The data:
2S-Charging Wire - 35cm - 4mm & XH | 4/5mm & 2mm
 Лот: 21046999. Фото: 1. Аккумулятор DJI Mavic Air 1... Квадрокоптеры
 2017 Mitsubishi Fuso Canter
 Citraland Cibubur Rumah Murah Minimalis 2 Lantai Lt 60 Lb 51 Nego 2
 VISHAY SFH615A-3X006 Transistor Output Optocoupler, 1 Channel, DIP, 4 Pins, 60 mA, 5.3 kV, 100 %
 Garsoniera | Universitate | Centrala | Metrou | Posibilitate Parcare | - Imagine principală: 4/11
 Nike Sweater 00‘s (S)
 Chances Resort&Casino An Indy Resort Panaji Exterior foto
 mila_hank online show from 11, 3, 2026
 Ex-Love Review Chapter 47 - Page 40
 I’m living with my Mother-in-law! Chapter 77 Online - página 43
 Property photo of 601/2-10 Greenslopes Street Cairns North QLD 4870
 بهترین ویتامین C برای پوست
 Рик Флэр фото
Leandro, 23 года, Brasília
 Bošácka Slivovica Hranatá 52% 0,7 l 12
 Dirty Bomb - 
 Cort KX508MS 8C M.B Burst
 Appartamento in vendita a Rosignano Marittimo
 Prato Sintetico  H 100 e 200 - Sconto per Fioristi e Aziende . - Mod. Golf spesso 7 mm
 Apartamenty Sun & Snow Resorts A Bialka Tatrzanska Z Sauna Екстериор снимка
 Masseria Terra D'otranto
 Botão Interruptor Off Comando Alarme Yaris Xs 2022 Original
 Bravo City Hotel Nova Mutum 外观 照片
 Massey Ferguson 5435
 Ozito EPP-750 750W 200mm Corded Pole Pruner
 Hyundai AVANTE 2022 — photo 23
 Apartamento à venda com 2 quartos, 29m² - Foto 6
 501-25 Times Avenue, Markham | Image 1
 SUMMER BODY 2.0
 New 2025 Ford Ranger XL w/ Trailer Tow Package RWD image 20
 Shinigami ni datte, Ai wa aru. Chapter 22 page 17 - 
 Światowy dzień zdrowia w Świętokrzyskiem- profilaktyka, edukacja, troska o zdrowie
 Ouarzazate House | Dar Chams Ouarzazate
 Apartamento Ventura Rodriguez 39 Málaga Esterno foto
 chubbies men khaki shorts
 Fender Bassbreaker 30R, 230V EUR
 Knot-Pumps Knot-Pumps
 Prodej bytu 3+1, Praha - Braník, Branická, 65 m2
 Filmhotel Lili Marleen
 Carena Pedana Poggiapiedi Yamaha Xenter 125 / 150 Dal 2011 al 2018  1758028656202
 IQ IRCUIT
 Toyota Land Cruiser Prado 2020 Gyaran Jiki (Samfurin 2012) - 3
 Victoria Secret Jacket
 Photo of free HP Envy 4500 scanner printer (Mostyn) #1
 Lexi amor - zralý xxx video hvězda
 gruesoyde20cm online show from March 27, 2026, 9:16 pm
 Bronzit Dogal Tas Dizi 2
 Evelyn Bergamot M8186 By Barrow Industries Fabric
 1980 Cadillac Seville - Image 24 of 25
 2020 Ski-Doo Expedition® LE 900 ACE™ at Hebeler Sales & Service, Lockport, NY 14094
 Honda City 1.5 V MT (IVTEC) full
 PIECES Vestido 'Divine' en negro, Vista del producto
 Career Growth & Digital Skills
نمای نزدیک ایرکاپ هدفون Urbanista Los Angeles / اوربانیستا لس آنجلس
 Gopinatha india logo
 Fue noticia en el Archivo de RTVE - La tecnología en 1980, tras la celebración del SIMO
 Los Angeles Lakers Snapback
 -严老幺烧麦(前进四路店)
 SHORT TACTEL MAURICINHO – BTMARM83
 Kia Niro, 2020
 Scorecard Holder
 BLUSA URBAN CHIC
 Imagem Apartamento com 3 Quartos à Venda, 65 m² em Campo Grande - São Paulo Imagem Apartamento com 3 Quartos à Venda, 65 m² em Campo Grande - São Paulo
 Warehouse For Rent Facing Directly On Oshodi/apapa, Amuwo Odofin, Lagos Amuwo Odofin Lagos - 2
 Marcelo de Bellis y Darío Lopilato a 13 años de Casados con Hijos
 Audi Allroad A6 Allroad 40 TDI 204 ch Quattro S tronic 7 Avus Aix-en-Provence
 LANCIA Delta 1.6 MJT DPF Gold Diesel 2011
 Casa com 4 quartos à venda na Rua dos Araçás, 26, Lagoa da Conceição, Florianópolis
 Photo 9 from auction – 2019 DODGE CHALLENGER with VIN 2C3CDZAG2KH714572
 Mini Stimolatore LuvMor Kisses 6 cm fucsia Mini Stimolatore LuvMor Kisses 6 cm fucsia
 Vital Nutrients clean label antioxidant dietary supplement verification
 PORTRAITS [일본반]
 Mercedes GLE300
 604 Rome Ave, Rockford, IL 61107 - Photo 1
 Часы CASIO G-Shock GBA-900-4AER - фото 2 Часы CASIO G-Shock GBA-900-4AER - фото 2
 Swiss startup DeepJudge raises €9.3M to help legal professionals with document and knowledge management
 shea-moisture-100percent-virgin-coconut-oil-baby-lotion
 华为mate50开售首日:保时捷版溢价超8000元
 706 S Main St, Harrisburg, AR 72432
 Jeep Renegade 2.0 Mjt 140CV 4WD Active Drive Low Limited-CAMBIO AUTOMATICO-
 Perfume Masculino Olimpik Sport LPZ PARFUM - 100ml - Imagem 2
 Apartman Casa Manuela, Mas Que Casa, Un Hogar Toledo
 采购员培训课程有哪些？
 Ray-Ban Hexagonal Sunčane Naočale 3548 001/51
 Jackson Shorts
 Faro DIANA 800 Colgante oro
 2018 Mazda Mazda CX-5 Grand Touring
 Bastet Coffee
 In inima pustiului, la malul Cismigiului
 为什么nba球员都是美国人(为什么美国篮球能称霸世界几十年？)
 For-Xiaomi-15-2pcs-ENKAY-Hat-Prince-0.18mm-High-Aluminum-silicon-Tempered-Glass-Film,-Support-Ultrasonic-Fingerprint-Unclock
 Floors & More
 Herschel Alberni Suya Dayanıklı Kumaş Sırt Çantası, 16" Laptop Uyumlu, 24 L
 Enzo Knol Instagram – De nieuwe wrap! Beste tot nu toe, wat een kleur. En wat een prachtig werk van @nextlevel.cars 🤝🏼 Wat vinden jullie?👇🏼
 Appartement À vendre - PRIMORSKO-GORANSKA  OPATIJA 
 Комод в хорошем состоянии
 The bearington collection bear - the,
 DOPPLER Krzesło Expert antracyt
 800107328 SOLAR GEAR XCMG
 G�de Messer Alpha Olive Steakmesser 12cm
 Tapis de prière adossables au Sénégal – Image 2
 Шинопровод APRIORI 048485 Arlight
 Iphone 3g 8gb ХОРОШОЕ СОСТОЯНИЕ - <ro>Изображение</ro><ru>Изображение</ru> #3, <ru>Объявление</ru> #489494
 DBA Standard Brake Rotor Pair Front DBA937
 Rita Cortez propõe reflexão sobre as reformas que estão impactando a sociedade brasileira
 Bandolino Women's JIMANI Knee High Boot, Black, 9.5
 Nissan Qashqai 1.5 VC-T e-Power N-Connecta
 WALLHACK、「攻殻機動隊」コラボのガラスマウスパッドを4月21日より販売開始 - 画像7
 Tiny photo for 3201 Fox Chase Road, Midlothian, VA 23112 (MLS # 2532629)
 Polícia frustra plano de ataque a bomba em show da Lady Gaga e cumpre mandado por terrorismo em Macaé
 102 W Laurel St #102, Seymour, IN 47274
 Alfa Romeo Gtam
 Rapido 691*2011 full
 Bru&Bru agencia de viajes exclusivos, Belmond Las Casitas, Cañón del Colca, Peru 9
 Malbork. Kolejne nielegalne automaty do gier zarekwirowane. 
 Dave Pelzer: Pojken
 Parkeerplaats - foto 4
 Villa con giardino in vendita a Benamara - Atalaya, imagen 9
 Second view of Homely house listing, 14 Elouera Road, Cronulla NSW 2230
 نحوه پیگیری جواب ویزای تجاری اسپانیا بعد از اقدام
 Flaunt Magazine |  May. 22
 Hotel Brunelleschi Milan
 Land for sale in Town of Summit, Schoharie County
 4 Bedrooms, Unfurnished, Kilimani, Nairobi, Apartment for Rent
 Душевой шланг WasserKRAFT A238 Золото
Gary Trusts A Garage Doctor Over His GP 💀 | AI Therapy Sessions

Your task:
All that is wanted is an exact copy of the lines above from the one with "Лот: 21046999. Фото: 1." through the one with "Fender Bassbreaker 30R, 230V EUR", with both ends included.

The answer:
 Лот: 21046999. Фото: 1. Аккумулятор DJI Mavic Air 1... Квадрокоптеры
 2017 Mitsubishi Fuso Canter
 Citraland Cibubur Rumah Murah Minimalis 2 Lantai Lt 60 Lb 51 Nego 2
 VISHAY SFH615A-3X006 Transistor Output Optocoupler, 1 Channel, DIP, 4 Pins, 60 mA, 5.3 kV, 100 %
 Garsoniera | Universitate | Centrala | Metrou | Posibilitate Parcare | - Imagine principală: 4/11
 Nike Sweater 00‘s (S)
 Chances Resort&Casino An Indy Resort Panaji Exterior foto
 mila_hank online show from 11, 3, 2026
 Ex-Love Review Chapter 47 - Page 40
 I’m living with my Mother-in-law! Chapter 77 Online - página 43
 Property photo of 601/2-10 Greenslopes Street Cairns North QLD 4870
 بهترین ویتامین C برای پوست
 Рик Флэр фото
Leandro, 23 года, Brasília
 Bošácka Slivovica Hranatá 52% 0,7 l 12
 Dirty Bomb - 
 Cort KX508MS 8C M.B Burst
 Appartamento in vendita a Rosignano Marittimo
 Prato Sintetico  H 100 e 200 - Sconto per Fioristi e Aziende . - Mod. Golf spesso 7 mm
 Apartamenty Sun & Snow Resorts A Bialka Tatrzanska Z Sauna Екстериор снимка
 Masseria Terra D'otranto
 Botão Interruptor Off Comando Alarme Yaris Xs 2022 Original
 Bravo City Hotel Nova Mutum 外观 照片
 Massey Ferguson 5435
 Ozito EPP-750 750W 200mm Corded Pole Pruner
 Hyundai AVANTE 2022 — photo 23
 Apartamento à venda com 2 quartos, 29m² - Foto 6
 501-25 Times Avenue, Markham | Image 1
 SUMMER BODY 2.0
 New 2025 Ford Ranger XL w/ Trailer Tow Package RWD image 20
 Shinigami ni datte, Ai wa aru. Chapter 22 page 17 - 
 Światowy dzień zdrowia w Świętokrzyskiem- profilaktyka, edukacja, troska o zdrowie
 Ouarzazate House | Dar Chams Ouarzazate
 Apartamento Ventura Rodriguez 39 Málaga Esterno foto
 chubbies men khaki shorts
 Fender Bassbreaker 30R, 230V EUR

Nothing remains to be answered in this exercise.